Please also provide the code for domain-aware data augmentation, thx :)

Hlings commented 1 year ago

Hi. I have provided the tools for processing raw cityscapes to yolo-style dataset in ./tools/cityscpaes_to_yolo.py :). You can follow the instruction in the file to prepare the data. The domain-aware data augmentation has been provided. -- For image-level, please refer to ./utils/dataset.py. The image-level mix augmentation is the same as 'mosaic' and 'mixup' in implementations. I just mix the source data and limited target data into the same dataset to perform domain-mix augmentation (refer to ./data/city_and_foggy8_1.yaml). -- For box-level, please refer to ./utils/copy_pastev3.py for more details.

Hope the above reply will deal with your issue :)

LanduRi commented 1 year ago

Is the code complete, including optimization and augmentation? I conducted experiments on the Cityscapes->Foggycity, and the results did not match the mAP50 (41.1) in the paper. Could you give me some guidance on reproducing the experimental results of the paper? Thank you very much.

Hlings commented 1 year ago

Sure, the code is complete.

Reproduce results: 1: Data preparation. You can see the visualizations to verify. 2: Training config. I guess the problem is the training config. I check the provided config in the readme and find some misleadings :(. To reproduce mAP50 (41.1) on C to F, you can try the following config:

python train_MMD.py --img 640 --batch 12 --epochs 600 --data ./data/city_and_foggy8_3.yaml --cfg ./models/yolov5x.yaml --hyp ./data/hyp_aug/mm1.yaml --weights '' --name "test"

The changes are mainly in batch-size and data augmentation.
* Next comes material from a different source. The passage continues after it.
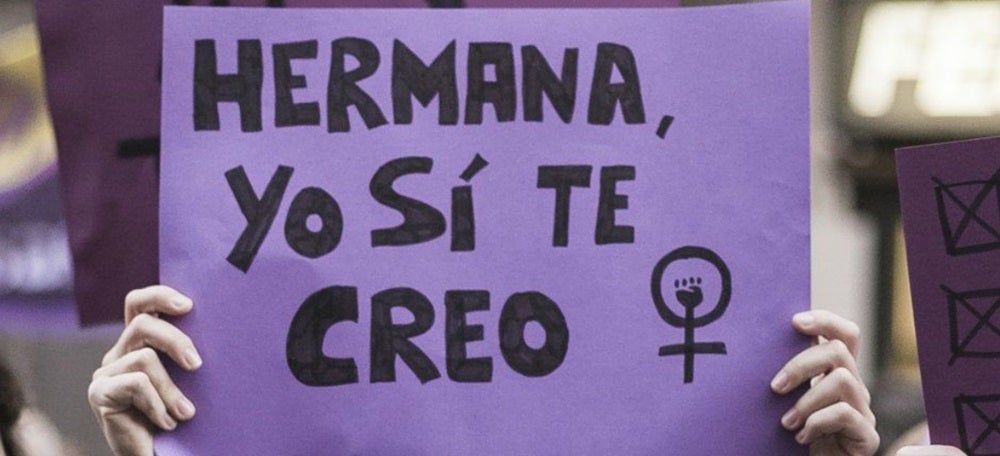 Foto portada: concentració en suport a la víctima.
Batch-size: I found the detector is hard to converge on C to F with a normal batch-size like 16. A smaller batch-size from 8~12 will get better results. Data augmentation: Empirically, the cross-domain mixup augmentation is very important to get better results on C to F (provided in mm1.yaml). You can check ablation studies in the main text of this paper.

Hope the above reply is helpful :). I will also provide a more detailed instructions nowadays.

LanduRi commented 1 year ago

Thank you very much. I have reproduced the results. I have some questions.

  1. There is no city_and_foggy8_3.yaml in ./data directory. Is it city_and_foggy8_1.yaml?
  2. Which version of Yolov5 do you use?
Hlings commented 1 year ago

Q1: Yes. Just different names. I also provide the target image indexes of C to F and S to C in "./data/target_indexes.txt". Q2: I use Yolov5-3.0. Using an advanced version of yolov5 like 6.0 may get better results.